Monday memories: Galway to Dublin or bust!

A memory from yesteryear on this last Monday of January. All will be aware of the heady days of the sport of athletics in the 1950s and in particular the 1958 Clonliffe Sports held in what was then called the Clonliffe Harriers Stadium in Santry. The August meet, a two-day affair, drawing approximately 35,000 people over the course of the 2 days where the Dublin public witnessed the celebrated Herb Elliott world record mile. Times change however and although Clonliffe Harriers through the great Billy Morton continued to promote international track and field meets the days of the bumper crowds were gone. The debt on the stadium, for the original construction and maintenance costs continued to mount. Sources of income had to be found so whilst the promotion of athletics meets continued Clonliffe Harriers with Billy at the helm promoted and hosted other events in the stadium. We have previously in recent times featured here the rugby tournament, the cycling events and the stunt show, in addition there was an international tennis tournament, there were soccer friendlies. There were the in-house raffles, flag days, dinner dances and general bucket collections held – as club members went door-to-door, and pub to pub with a collection bucket.

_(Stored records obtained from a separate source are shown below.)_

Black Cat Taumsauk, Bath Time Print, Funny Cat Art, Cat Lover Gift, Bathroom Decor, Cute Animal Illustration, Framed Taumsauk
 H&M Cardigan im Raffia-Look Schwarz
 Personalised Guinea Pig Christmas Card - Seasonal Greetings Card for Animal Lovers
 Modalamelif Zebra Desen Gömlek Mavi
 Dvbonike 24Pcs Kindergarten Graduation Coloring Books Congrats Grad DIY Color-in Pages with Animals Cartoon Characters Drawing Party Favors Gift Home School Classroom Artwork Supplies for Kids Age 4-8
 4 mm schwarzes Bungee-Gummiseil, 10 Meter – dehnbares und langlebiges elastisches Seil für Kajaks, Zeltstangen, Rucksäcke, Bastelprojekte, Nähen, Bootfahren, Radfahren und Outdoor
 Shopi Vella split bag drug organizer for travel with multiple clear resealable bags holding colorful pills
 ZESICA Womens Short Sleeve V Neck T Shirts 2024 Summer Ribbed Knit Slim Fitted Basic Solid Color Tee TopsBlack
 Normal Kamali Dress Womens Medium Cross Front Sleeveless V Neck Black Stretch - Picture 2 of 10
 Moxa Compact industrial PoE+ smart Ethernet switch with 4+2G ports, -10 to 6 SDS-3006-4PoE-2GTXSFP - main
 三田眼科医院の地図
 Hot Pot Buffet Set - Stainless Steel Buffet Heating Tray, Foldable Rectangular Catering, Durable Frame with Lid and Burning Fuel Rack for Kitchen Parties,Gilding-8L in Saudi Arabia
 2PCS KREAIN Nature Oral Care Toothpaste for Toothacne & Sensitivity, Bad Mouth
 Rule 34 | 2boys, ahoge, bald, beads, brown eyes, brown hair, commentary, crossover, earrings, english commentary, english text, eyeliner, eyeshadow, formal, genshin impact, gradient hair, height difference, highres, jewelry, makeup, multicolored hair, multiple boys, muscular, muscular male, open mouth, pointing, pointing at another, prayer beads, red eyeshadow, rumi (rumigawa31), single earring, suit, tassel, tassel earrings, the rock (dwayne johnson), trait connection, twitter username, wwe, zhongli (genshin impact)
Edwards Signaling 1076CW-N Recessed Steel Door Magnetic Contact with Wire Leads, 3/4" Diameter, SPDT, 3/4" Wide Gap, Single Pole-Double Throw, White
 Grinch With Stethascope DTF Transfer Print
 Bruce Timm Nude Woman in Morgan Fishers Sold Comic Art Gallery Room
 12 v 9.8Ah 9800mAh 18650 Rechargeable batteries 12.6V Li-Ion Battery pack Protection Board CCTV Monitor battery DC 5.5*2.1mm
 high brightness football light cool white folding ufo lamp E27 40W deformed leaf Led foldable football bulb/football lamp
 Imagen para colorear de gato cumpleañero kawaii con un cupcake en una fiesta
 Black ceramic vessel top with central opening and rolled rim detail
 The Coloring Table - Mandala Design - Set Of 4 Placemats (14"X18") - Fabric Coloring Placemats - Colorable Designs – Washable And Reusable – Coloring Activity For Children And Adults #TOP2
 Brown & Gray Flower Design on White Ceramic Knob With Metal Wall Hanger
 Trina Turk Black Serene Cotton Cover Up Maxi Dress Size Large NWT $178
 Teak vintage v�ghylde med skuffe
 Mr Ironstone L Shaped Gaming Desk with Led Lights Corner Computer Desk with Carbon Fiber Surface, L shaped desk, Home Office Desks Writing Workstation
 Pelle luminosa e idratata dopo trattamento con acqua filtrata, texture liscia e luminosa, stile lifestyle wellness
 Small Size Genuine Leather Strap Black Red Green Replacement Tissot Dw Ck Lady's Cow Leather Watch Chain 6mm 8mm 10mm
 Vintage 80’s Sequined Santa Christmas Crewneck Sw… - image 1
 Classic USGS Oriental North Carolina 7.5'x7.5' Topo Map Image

Billy’s charisma and charm spread far beyond the walls of Santry Stadium. So much so that way out West a group of young athletes at the University of Galway AC in the true spirit of camaraderie decided that they would help Clonliffe with the mounting stadium debt by organising a run from Galway to Dublin in the late 1960s.

The roads in them days were not what they are now and the 150 or so miles was an arduous undertaking. The Galway athletes in question were Murt Coleman, Brian Geraghty and Colm Roddy. The run was to take 8 days, to leave time for the team to do their bucket collection each evening at the end of each day’s run. They brought with them a support crew which included a caravan in which they would have their meals and sleep. Each evening when the run was finished they would clean up, eat and then go around the local town, calling into hostelries, not for refreshments it must be stressed but to collect money to assist with the clearing of the debt in Santry Stadium.

The adventure took place in late 1967 or 1968. Seeing them on their way from Galway were the mayor of Galway, Billy Morton and 1956 Olympic 1500 champion Ronnie Delany. The run finished 8 days later at the GPO on O’Connell Street Dublin. There to meet the intrepid trio where Billy and the Lord Mayor of Dublin. Over the course of their mammoth journey they collected just under £600, a pretty colossal sum back in those days.

As a gesture of appreciation Billy took the lads to what was then called the Crofton Hotel in Whitehall for lunch. Over lunch, and despite the fact that they had 150 miles in their legs, Billy convinced the Galway lads to run in that evening’s Clonliffe Harriers 4 x 5 mile relay! Murt Coleman recalled yesterday that he thinks they finished in around 17 position out of the 40 or 50 teams entered.

The association of these Galway friends of Clonliffe Harriers with the club did not end there. Brian Geraghty ran in the inaugural Morton Memorial mile in 1970, following on Billy’s death in December 1969 and of course Murt became a life long friend of Clonliffe legend Jerry Kiernan.

A sincere thanks to Murt for recounting the tale to us and for sharing this wonderful memory and these fantastic photographs.